Это, Богом установленное предначертание судьбы мировых царств, стало как бы стержнем христианских построений хода мировой истории. Вавилон-Рим-Константинополь – подобные преемственность и последовательность чередования великих империй у богословов и на Западе, и на Востоке антагонистических разночтений не вызывали. Самым сложным и противоречивым явилось толкование земного образа именно Четвертого царства. По сути, речь шла о третьем воплощении, так как Рим и Константинополь воспринимались в христианской традиции не как две империи, или два государства, а именно как нераздельное «Ромейское царство». («Новый Рим» - обычное обозначение Константинополя в византийской официальной лексике[16]).

Средневековая католическая мысль видела в качестве последней и богоосененной земной державной обители Священную Римскую империю (полное название - «Священная Римская Империя Немецкой нации»), возникшую в X веке. Русские православные мыслители такую трактовку категорически отвергали. Они выводили властипреемственность, богоугодное «миродержание» Московского царства из Константинополя. После Флорентийского собора и падения Царьграда в том можно было не только узреть наказание Божие грекам за их «нетвердость в вере», но и найти подтверждение пророчеству Даниила о Третьем царстве, как о «медном», т.е. непрочном и невечном. На смену же ему и явится «последнее царство», которым, по всем русско-православным представлениям той эпохи, только и могла являться Россия.

Теория «Москвы - Третьего Рима», как цельная идеологическая композиция, была сформулирована монархом Трехсвятительского Псковского Елеазарова монастыря Филофеем в нескольких его посланиях псковскому дьяку Мисюрю Мунехину, к некоему вельможе «в миру живущему», а также и в посланиях великому князю Василию Ивановичу (Василию III) и царю Ивану Грозному. Этому автору приписываются и другие сочинения, но принадлежность их Филофею в историографии оспаривается. Хотя по поводу времени создания вышеуказанных сочинений и существуют разные точки зрения, но с полным правом можно считать, что они возникли в 20-30 годы XVI века. Узловые принципы всей концепции заключены в нескольких тезисах.

Во-первых, Филофей ясно и определенно отрицает за «латынянами» какое-либо право на преемственность с «Ромейским царством», оставляя это право исключительно за Москвой, ибо если вера русских была бы неправой, то Господь бы не хранил нас («не бы Господь снабдел нас»). Что же касается католиков, то нельзя полагаться на их «обольщение», ибо они - еретики, по собственной воле отвергшие православную христианскую веру, в которой состояли 770 лет. (Рубежом здесь признан Второй Вселенский Никейский собор 787 года). Однако затем они были обольщены («прелщены») императором Карлом (франкский король, а затем император, 768-814) и Римским папой Формозом (891-896). Автор хорошо был осведомлен о важных вехах истории христианства, связанных с «единением» и «разъединением» православных и католиков. При этом Филофей подразумевает не просто «разделение» церквей, а именно «отпадение» от Православия западной церкви, - еретический соблазн, ставший причиной крушения первого Рима. Но и второй Рим, православный Царьград, после предательства православной веры и перехода «в латынство» был наказан полным разорением. Филофей ставит понятия «отпадение» и «падение» в неразрывную связь, выводя сам факт крушения Рима первого и второго из области историко-политической в сферу духовную[17].
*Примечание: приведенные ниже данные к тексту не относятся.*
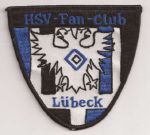 ka-FC Luebeck 2 Wappen mit schwarzem Rand.jpg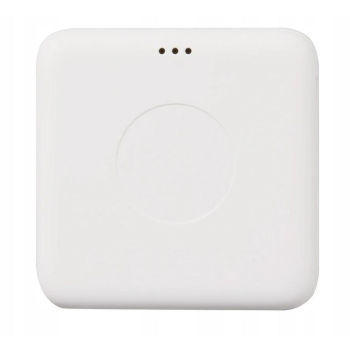 Czujnik temperatury i wilgotności Xiaomi Mi 2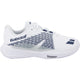 Babolat Propulse Storm Schoenen alle ondergronden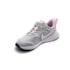 Tênis Esportivo Nike Revolution 5 Infantil Unissex Diversas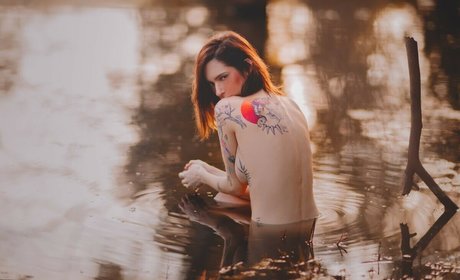 Poli Kap leaks onlyfans porn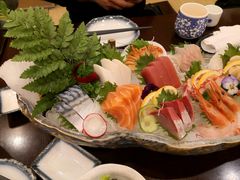 -松子料理(亮马桥店)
Смысловой фокус всей концепции, ее центральная идея, заключена в той части размышлений Филофея, где он говорит «о нынешнем православном царстве» времени Василия III (текст приводится в современной транскрипции). «Скажем несколько слов о нынешнем православном царстве пресветлейшего и высокостолнейшего государя нашего, который является единственным христианским царем во всей поднебесной и броздодержателем святых Божьих престолов святой вселенской апостольской Церкви, которая – вместо римской и константинопольской – находится в богоспасаемом граде Москве (во имя) святого и славного Успения Пречистой Богородицы и которая светится паче солнца, единственная во вселенной. Так знай же, христолюбец и боголюбец, что все христианские царства окончили свое существование и сошлись в едином царстве нашего государя; по пророческим книгам, это есть Ромейское царство. Ибо два Рима пали, третий стоит, а четвертому не быть. И апостол Павел многократно вспоминает о Риме в Посланиях, в Толковании говорит: Рим весь мир».[18]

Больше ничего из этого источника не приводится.